EXERCISE: For the records below, output word for word the lines from the one with "Photo #8: 260020504 Listing: Photo #8" up to and including the one with "iPhone 16 Apple". No pictures.

THE INPUT:
**********

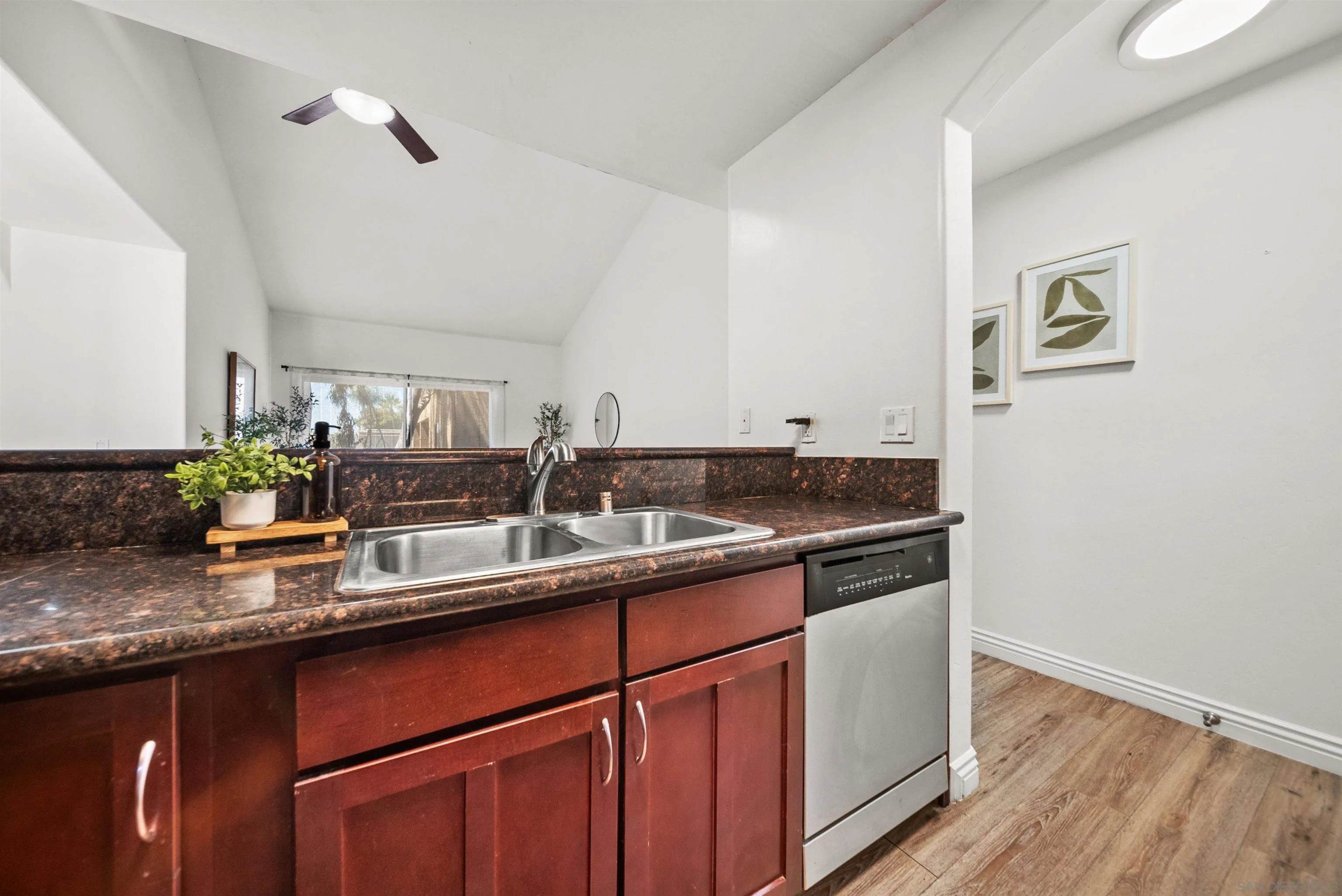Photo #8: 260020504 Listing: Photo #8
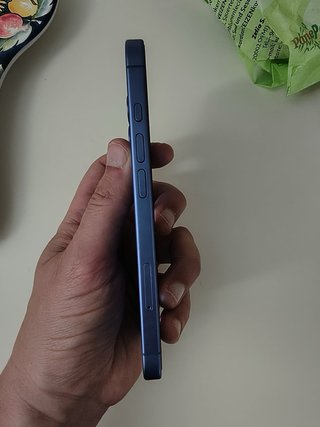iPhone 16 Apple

**********

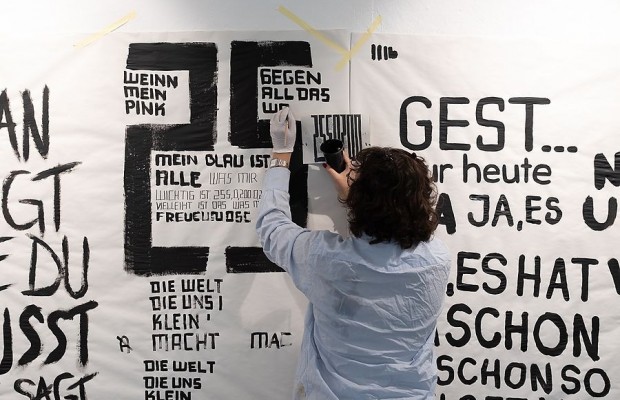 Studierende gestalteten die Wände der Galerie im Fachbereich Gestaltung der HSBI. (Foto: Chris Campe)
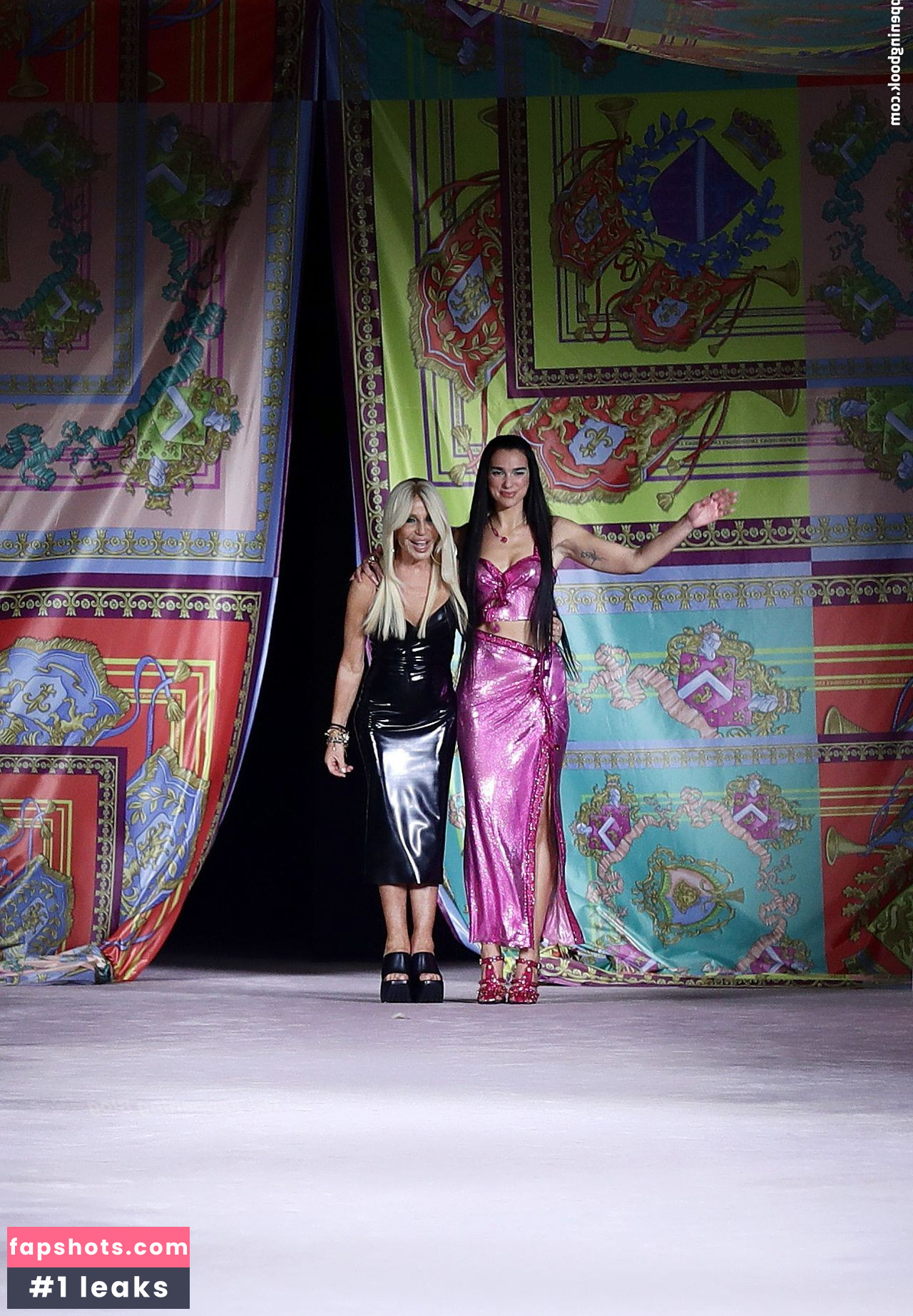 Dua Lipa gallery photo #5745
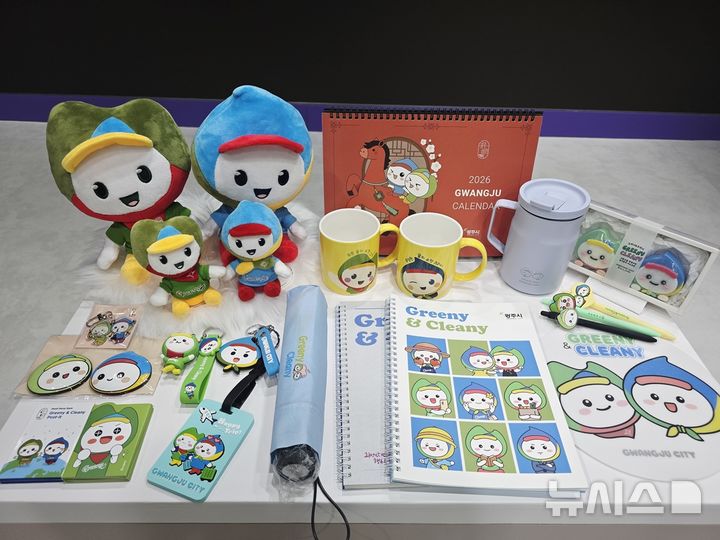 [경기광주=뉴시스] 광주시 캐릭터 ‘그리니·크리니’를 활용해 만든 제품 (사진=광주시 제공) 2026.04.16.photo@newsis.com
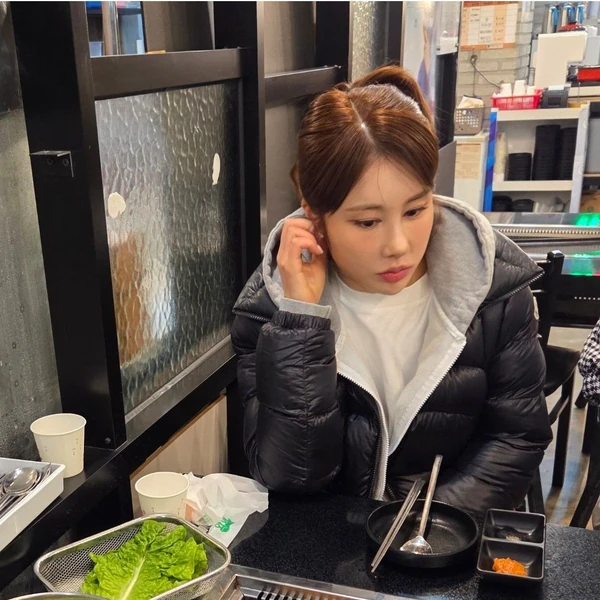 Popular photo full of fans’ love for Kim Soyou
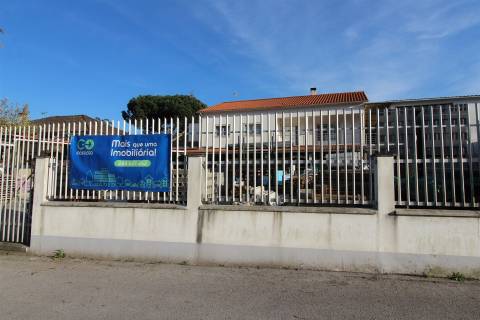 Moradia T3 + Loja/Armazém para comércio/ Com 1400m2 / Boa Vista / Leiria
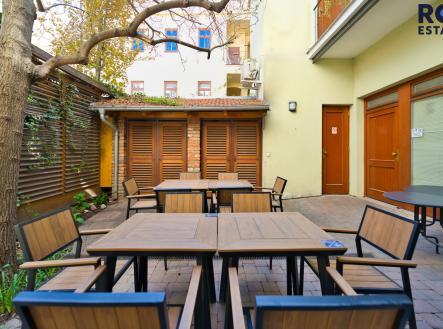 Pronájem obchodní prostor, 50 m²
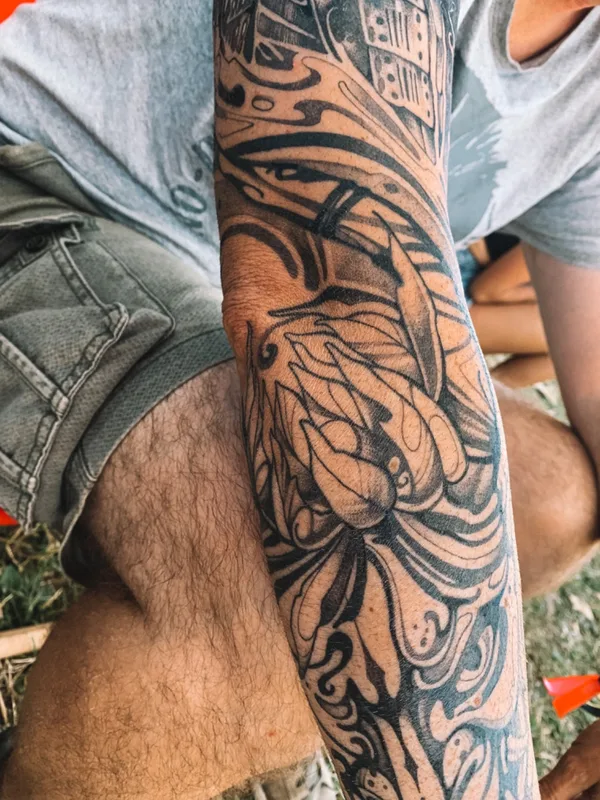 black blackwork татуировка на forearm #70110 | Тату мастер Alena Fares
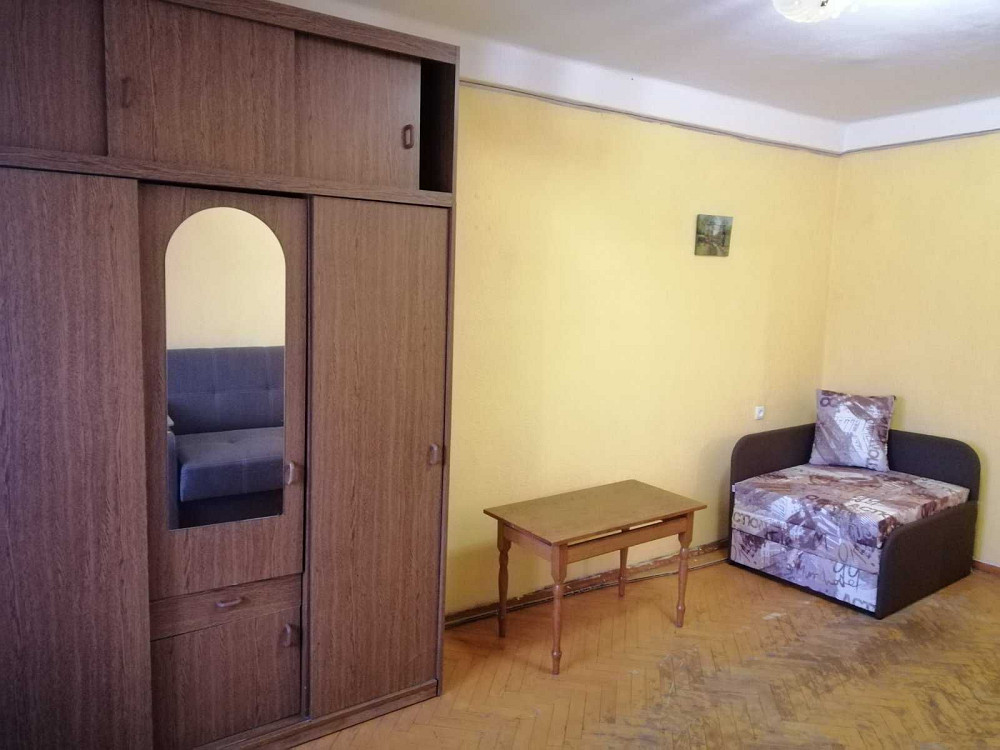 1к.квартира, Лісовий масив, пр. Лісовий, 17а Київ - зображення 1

**********

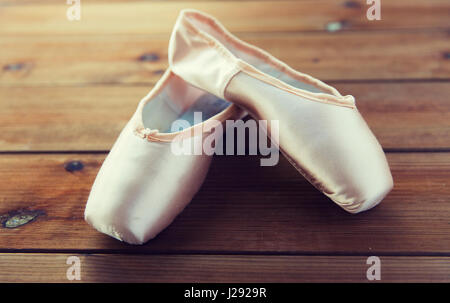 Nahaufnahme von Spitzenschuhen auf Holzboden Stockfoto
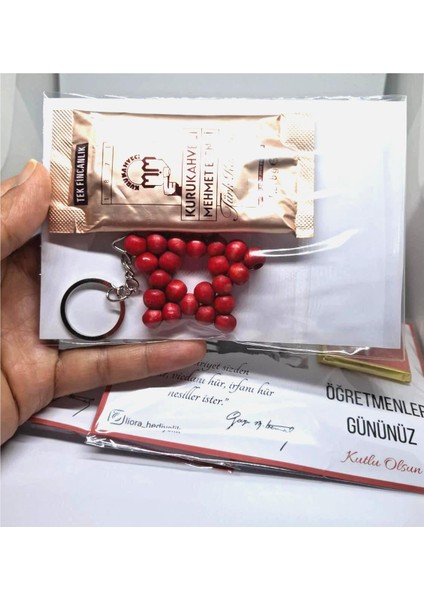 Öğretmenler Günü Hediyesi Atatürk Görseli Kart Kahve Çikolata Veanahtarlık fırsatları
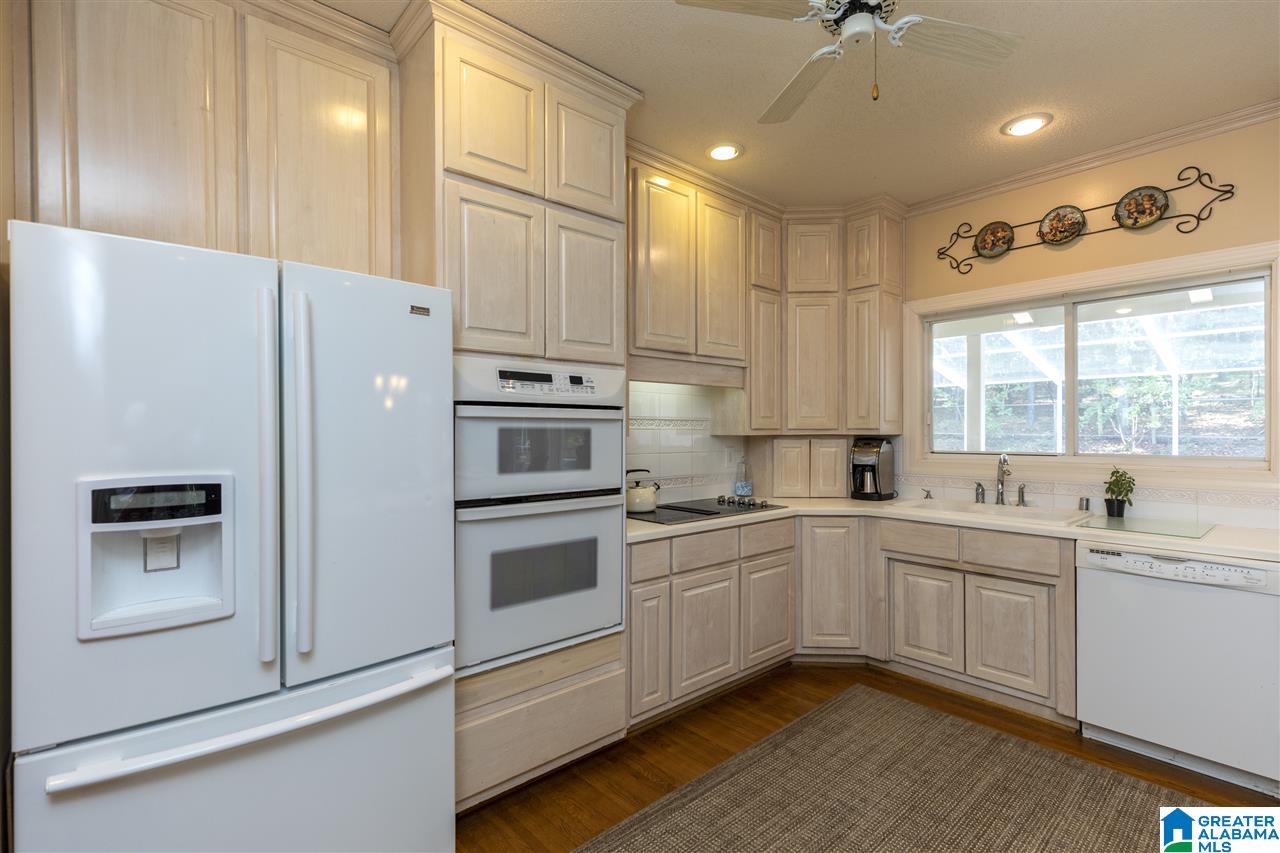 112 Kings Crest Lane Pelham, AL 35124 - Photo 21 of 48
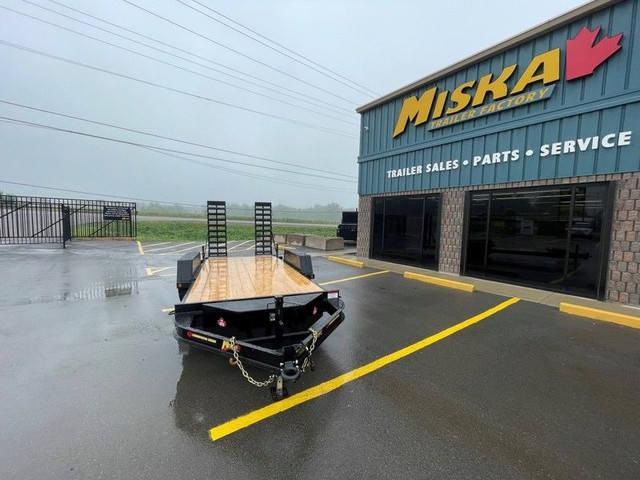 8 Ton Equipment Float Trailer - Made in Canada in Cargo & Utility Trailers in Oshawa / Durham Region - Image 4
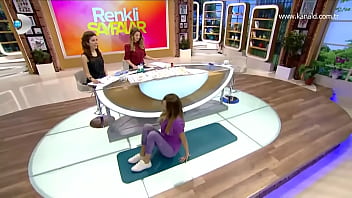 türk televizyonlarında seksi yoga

**********

ANSWER TO THE EXERCISE:
Photo #8: 260020504 Listing: Photo #8
iPhone 16 Apple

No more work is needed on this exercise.